-------- Exercise data
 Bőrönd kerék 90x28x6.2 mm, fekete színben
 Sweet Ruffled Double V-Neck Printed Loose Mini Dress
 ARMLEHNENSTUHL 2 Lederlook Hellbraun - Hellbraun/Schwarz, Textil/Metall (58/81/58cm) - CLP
----------------
-------- Exercise data
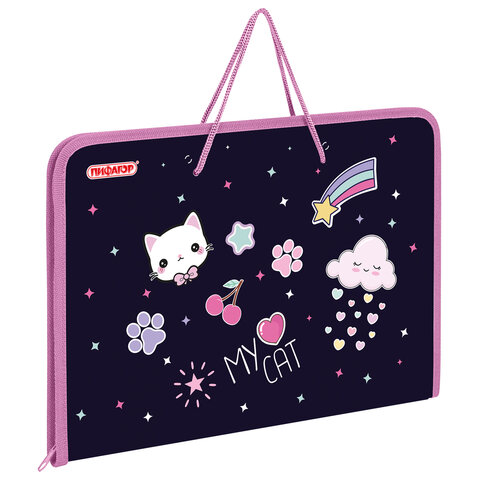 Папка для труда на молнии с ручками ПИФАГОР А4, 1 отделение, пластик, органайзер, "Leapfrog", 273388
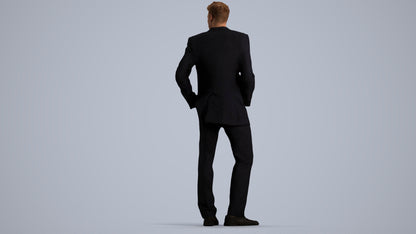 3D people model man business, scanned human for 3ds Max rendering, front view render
----------------
-------- Exercise data
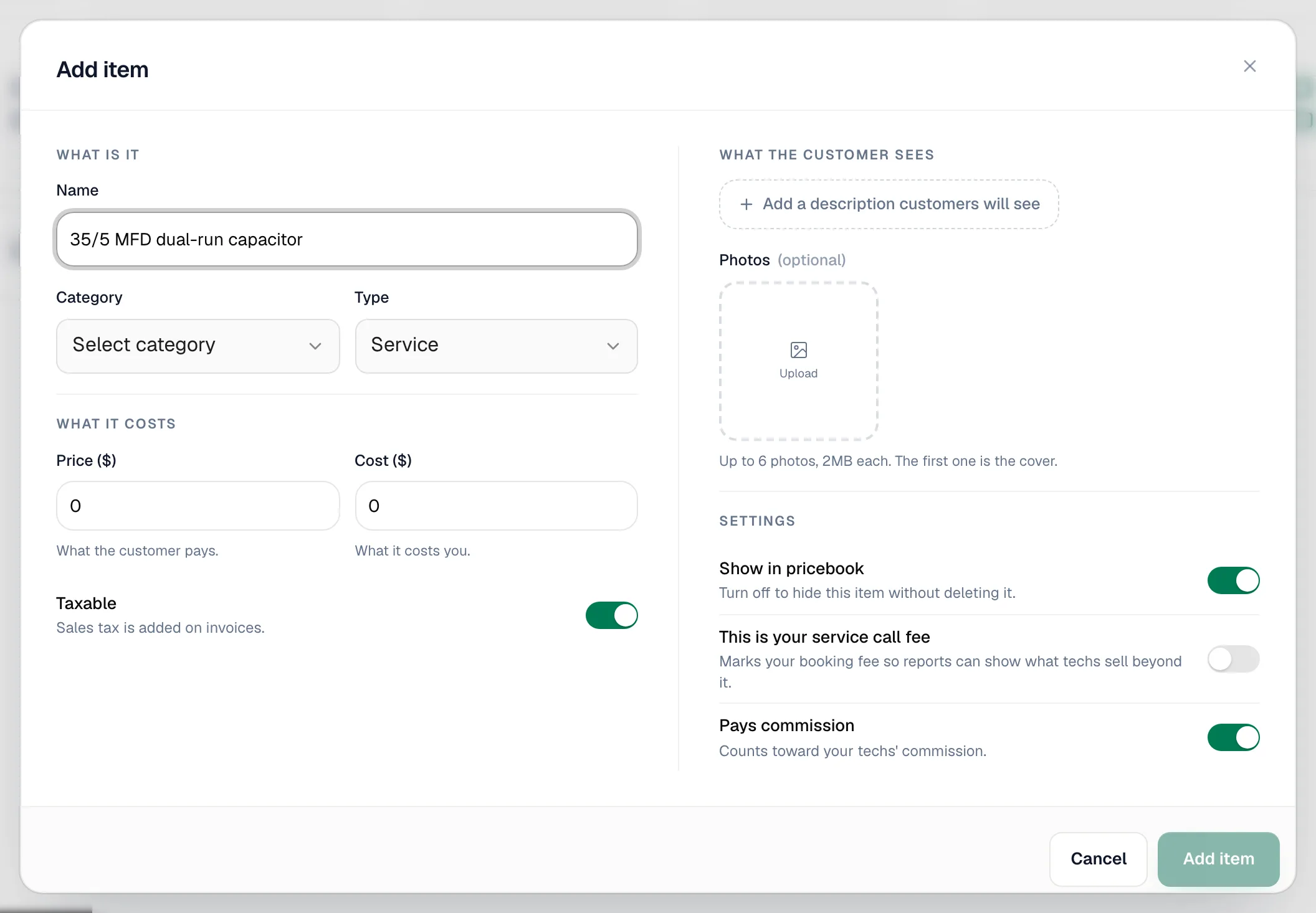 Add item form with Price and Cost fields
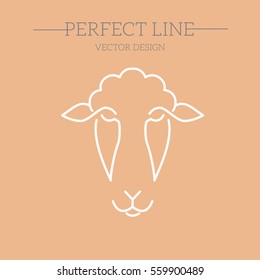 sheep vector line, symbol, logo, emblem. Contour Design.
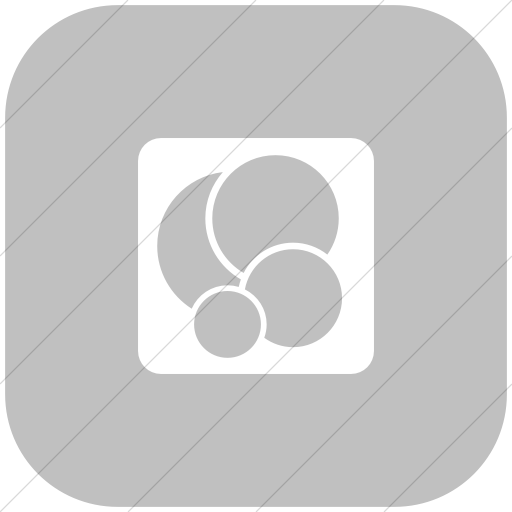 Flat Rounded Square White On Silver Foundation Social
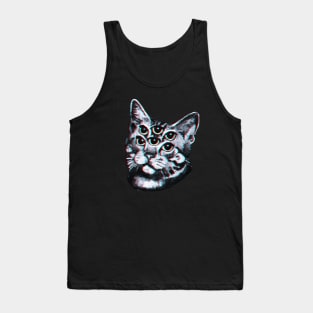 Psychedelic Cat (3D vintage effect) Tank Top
----------------
*Your task:* Transcribe only the lines above that start at the line containing "Flat Rounded Square" and end at the line containing "Psychedelic Cat (3D vintage effect) Tank Top". Omit pictures.

*Solution:*
 Flat Rounded Square White On Silver Foundation Social
 Psychedelic Cat (3D vintage effect) Tank Top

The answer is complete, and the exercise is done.